- [AIM OF THE TASK]:
Please repeat, exactly as they stand, the line containing "Sigara içmeyenlerde akciğer" and the lines after it through the final line of the listing below, minus pictures.

- [ENTRIES SHOWN]:

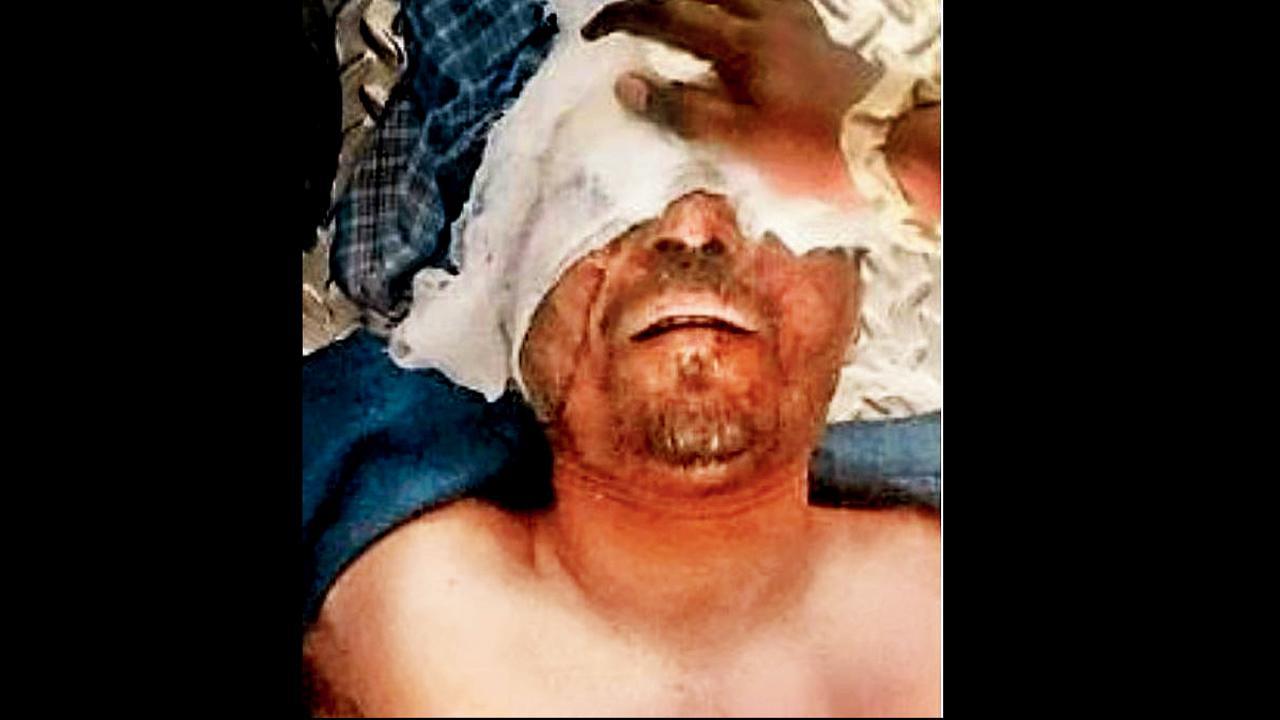 એક મુસાફરને લોખંડનો સળિયો માથા અને ચહેરાના ભાગે વાગતાં તે લોહીલુહાણ થઈ ગયો હતો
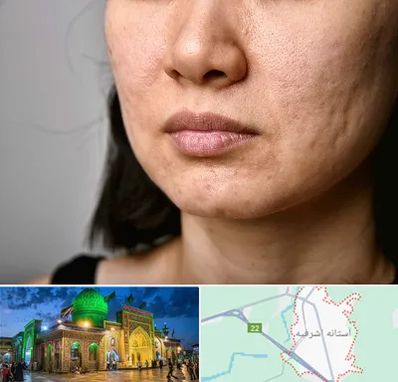 سابسیژن جای جوش در آستانه اشرفیه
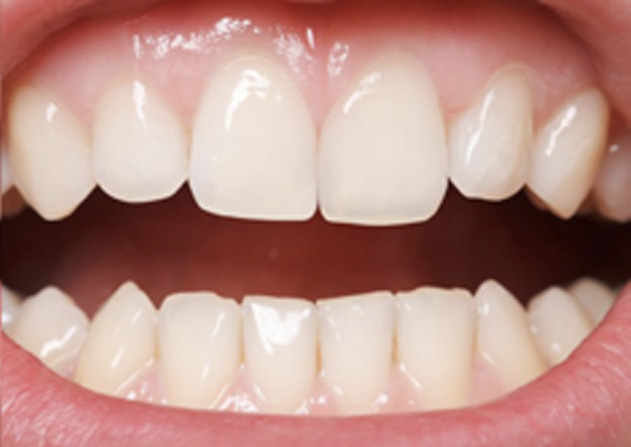 Cosmetic Bonding  - Eco Dental, Homer Glen Dentist
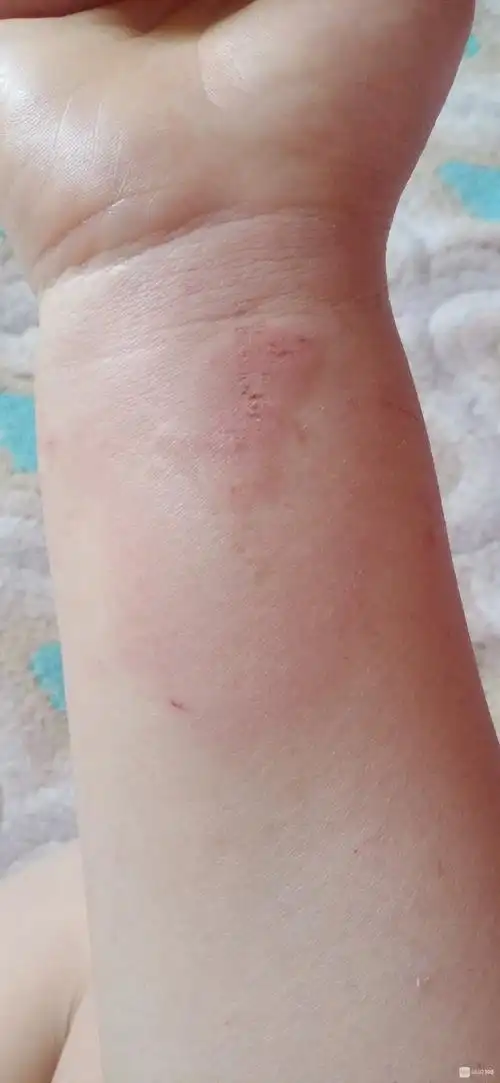 被蚂蚁咬了肿起来,有什么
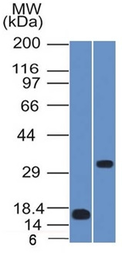 Anti-SOX2 antibody [SOX2/1791] used in Western Blot (WB). GTX35086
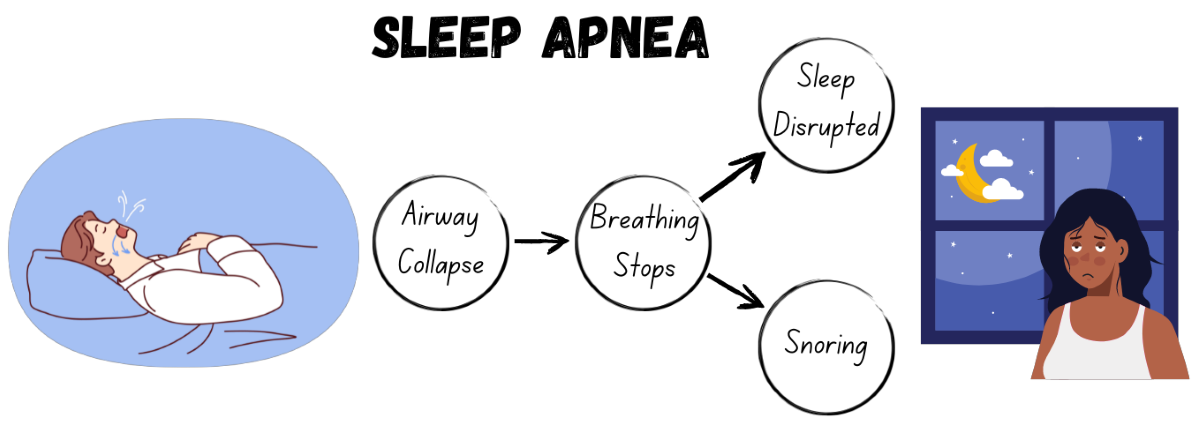 Sleep apnea diagram: (left) person with obstructed airway during sleep, (middle) airway collapse leads to breathing stops leads to sleep disrupted and snoring text, (right) tired woman in front of window in the middle of the night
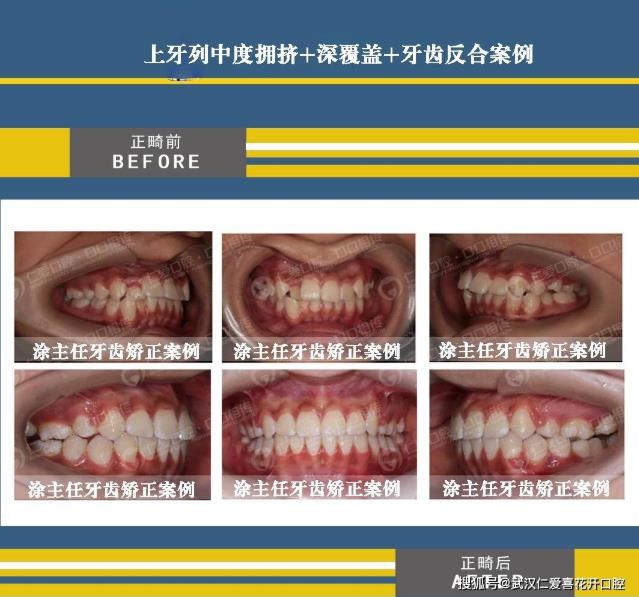 武漢仁愛(ài)口腔怎么樣?【真實(shí)案例】牙齒矯正,拯救你的臉!
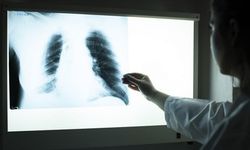 Sigara içmeyenlerde akciğer kanseri yükselişte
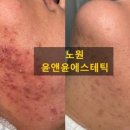 노원역 5번출구 이미지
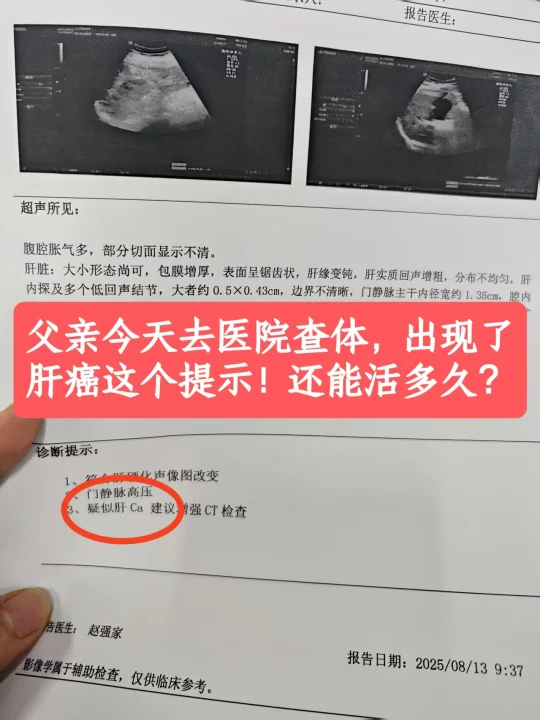 前天我公司组织体检，让带着家里老人一块去查查，我就带着我爸妈去了。结果...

- [OUTPUT]:
 Sigara içmeyenlerde akciğer kanseri yükselişte
 노원역 5번출구 이미지
 前天我公司组织体检，让带着家里老人一块去查查，我就带着我爸妈去了。结果...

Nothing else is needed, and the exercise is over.